If you’re a Human Resources manager working in some aspect of public administration, it’s crucial to empower government employees. Your organization’s success and the public’s well-being depend on it.
Improved retention and productivity are just the tip of the iceberg when it comes to the many benefits government entities stand to gain by engaging and empowering their teams. Yet organizations in the public sector grapple with unique challenges, including inflexibility, risk aversion, and a federated structure. These challenges put a damper on innovation, making it essential to craft empowerment strategies to counteract them.
Whether you’re a government executive or a training and development manager, you have the power to play a pivotal role in driving these strategies. Let’s dive headfirst into empowerment, why it’s important, and how to enhance your federal employee management skills to master it.
Why is Empowerment Important?
Empowerment is an employee management practice that gives them the opportunity and means to be autonomous, in control, and able to truly make a difference. It doesn’t mean shrugging off responsibilities to the nearest employee; it means taking the time to create a culture that fosters independence.
Empowerment is incredibly important. It carries many advantages for both the employer and employee, ranging from higher productivity and retention to a better reputation and increased growth.
Without empowerment, your workers may lack motivation and engagement, leading to high turnover, as well as a collective lack of creativity and problem-solving skills.
For these reasons, it’s necessary to boost government employee empowerment.

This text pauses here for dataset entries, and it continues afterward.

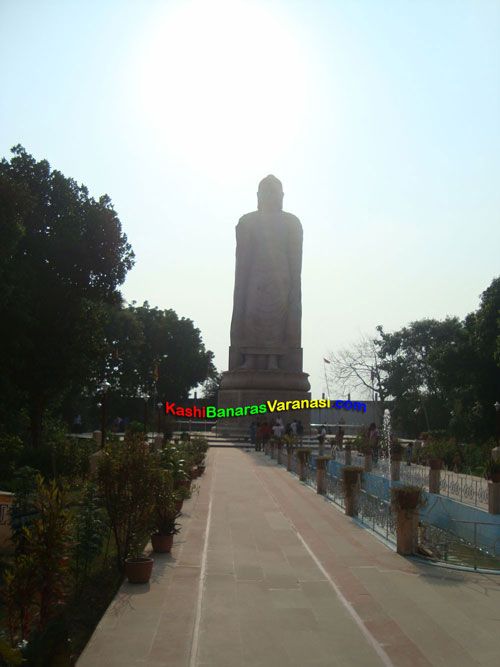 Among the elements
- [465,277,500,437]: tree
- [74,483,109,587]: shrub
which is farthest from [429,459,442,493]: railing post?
[465,277,500,437]: tree

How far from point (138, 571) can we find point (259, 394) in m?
23.8

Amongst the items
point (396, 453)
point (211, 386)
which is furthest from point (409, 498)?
point (211, 386)

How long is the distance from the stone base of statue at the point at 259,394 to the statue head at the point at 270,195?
8.61 metres

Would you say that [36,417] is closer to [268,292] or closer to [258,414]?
[258,414]

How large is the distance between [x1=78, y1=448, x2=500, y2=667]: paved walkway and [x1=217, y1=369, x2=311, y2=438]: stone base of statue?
20.7 meters

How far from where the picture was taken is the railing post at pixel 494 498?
1044 centimetres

How Can Empowerment Help Engagement?
The Center for Creative Leadership noted that managing and motivating subordinates was one of the most significant challenges for government leaders. According to the U.S. Office of Personnel Management, approximately 71 percent of federal employees were engaged in 2022, approximately the same level it was before the COVID-19 pandemic.
So how can empowerment help here? Well, empowerment and engagement go hand in hand. You can use empowerment as a tool to enhance both employee engagement and morale. When empowered, an employee feels like they’re a valued part of the organization. They’re encouraged to take the initiative and become more engaged in the work.
Let’s look at some quick employee empowerment examples.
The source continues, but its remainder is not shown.